--- START ---

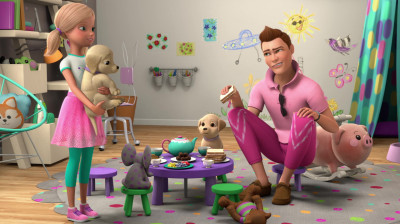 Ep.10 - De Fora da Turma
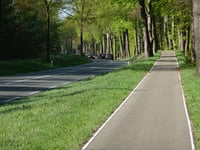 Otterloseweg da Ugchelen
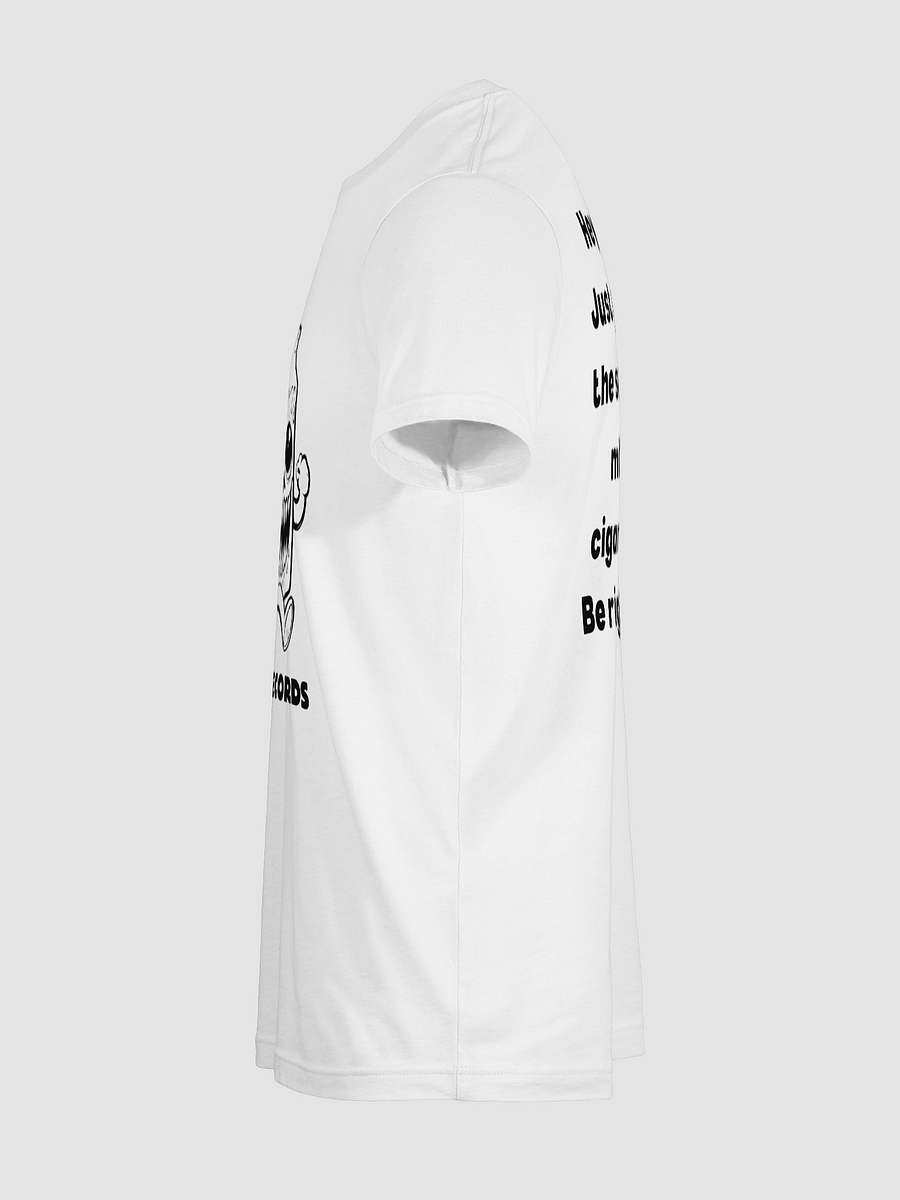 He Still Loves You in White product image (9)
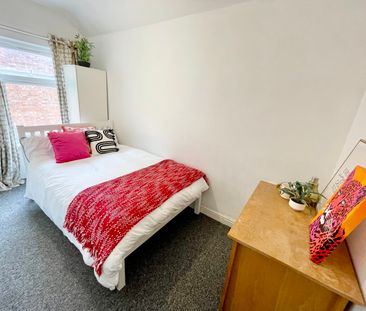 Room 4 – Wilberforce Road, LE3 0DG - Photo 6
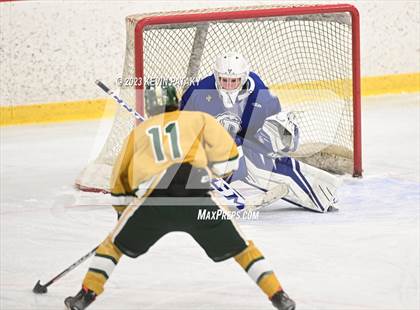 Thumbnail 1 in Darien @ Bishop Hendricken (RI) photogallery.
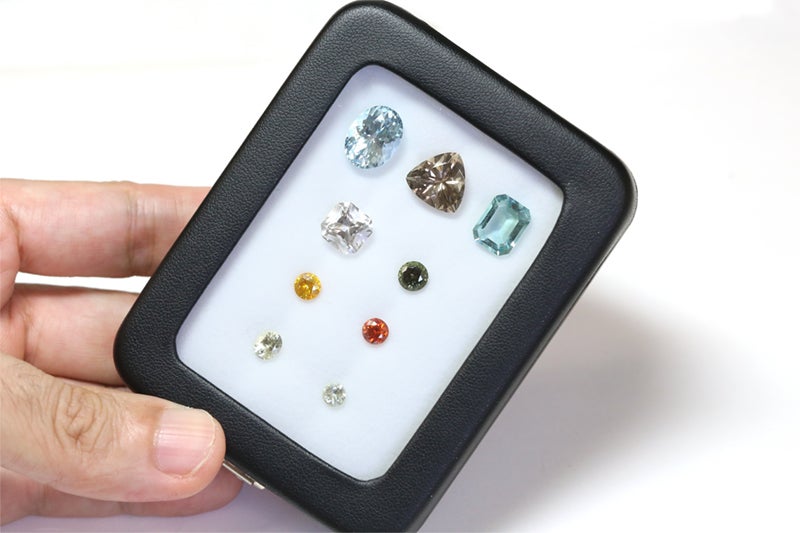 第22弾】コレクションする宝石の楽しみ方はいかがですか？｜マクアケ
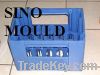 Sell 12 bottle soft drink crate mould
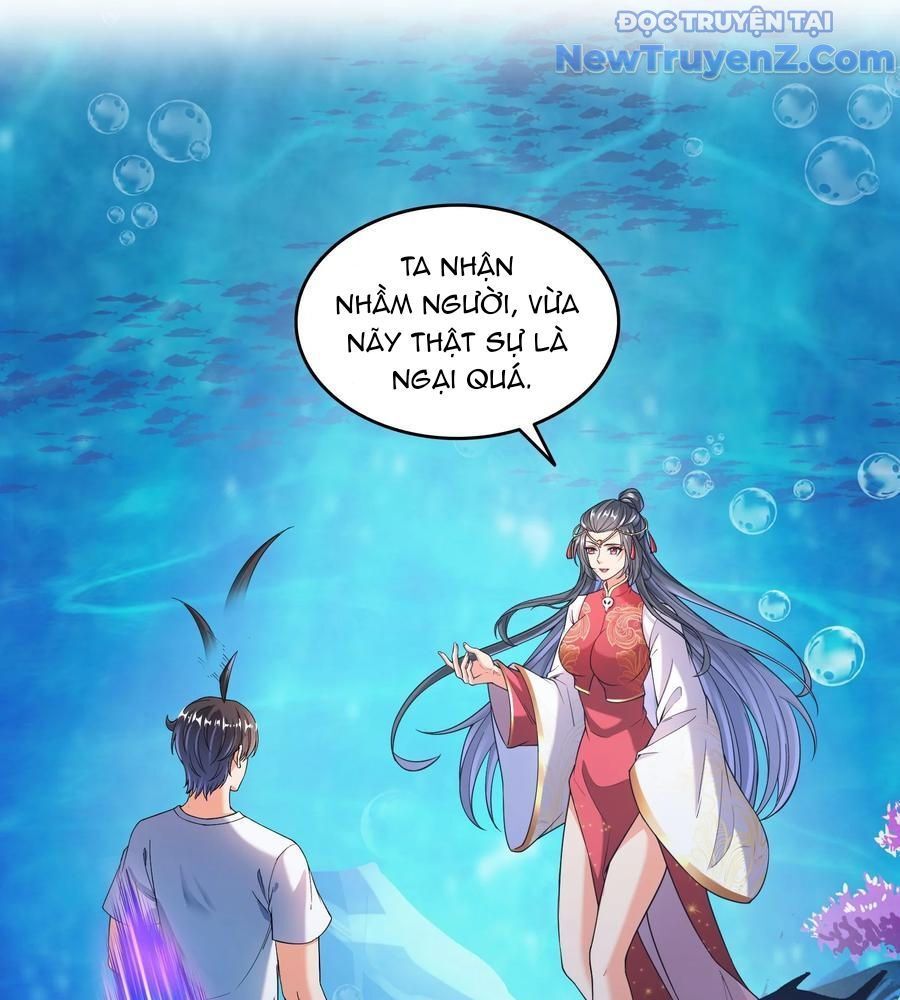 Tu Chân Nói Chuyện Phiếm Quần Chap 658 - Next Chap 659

--- END ---
--- START ---

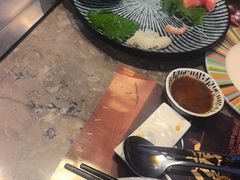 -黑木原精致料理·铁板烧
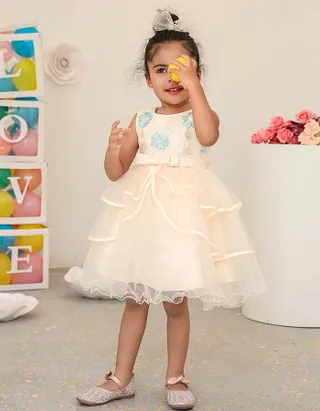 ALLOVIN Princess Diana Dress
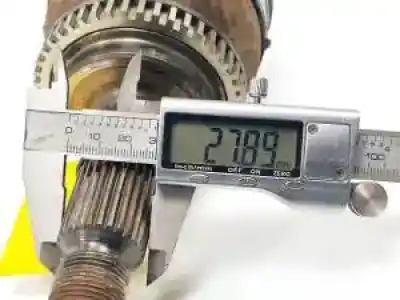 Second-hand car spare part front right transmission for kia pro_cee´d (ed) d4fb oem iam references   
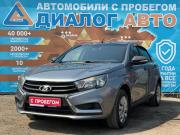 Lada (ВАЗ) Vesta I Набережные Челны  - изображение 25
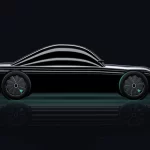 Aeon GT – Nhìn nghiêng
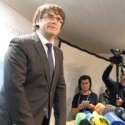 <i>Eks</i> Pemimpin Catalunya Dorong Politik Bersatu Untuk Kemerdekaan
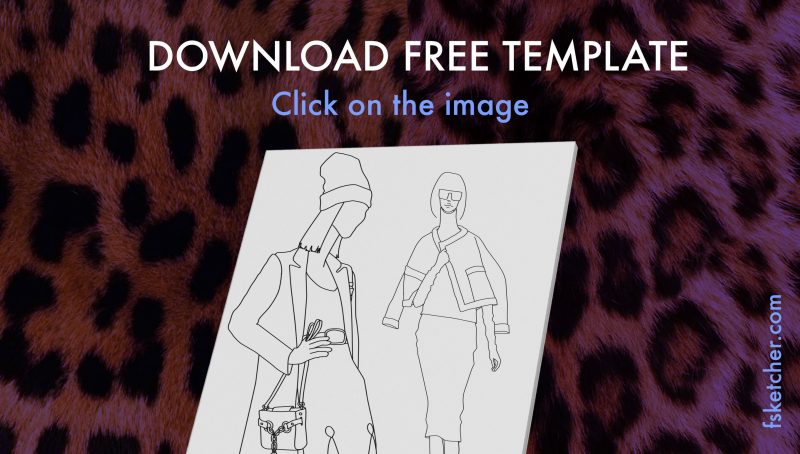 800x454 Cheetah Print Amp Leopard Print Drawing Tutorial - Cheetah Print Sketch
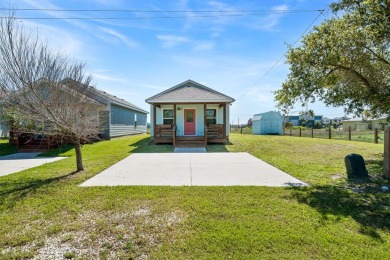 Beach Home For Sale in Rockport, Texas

--- END ---
--- START ---

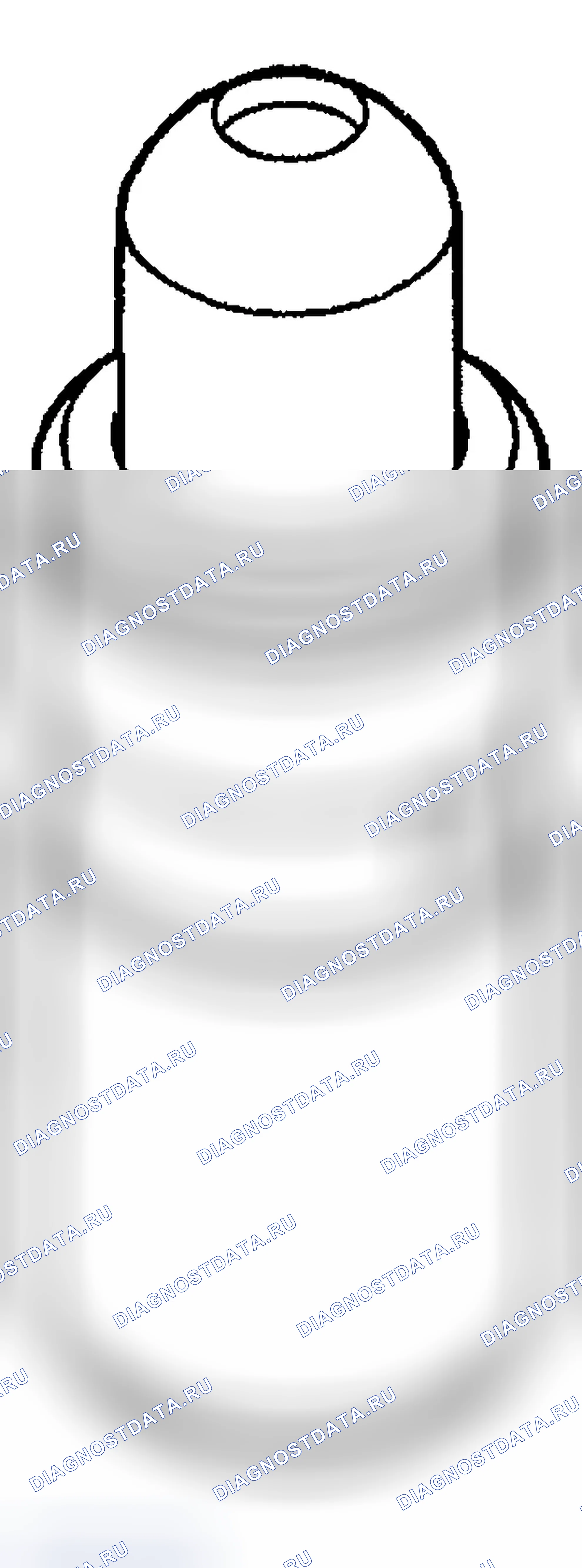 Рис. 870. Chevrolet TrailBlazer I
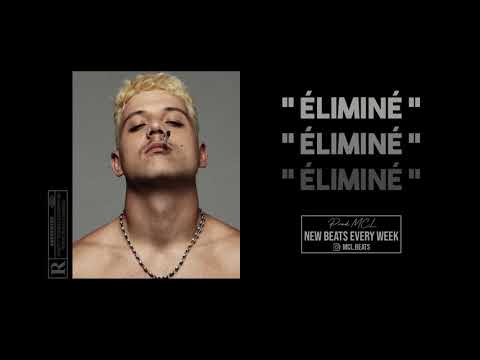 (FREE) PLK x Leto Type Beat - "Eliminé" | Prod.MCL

--- END ---

**PROBLEM STATEMENT:** Write back the stretch of lines above that begins with the line holding "Otterloseweg da Ugchelen" and ends with the line holding "Tu Chân Nói", both included, exactly as written. Pictures stay out.

**TASK SOLUTION:**
 Otterloseweg da Ugchelen
 He Still Loves You in White product image (9)
 Room 4 – Wilberforce Road, LE3 0DG - Photo 6
 Thumbnail 1 in Darien @ Bishop Hendricken (RI) photogallery.
 第22弾】コレクションする宝石の楽しみ方はいかがですか？｜マクアケ
 Sell 12 bottle soft drink crate mould
 Tu Chân Nói Chuyện Phiếm Quần Chap 658 - Next Chap 659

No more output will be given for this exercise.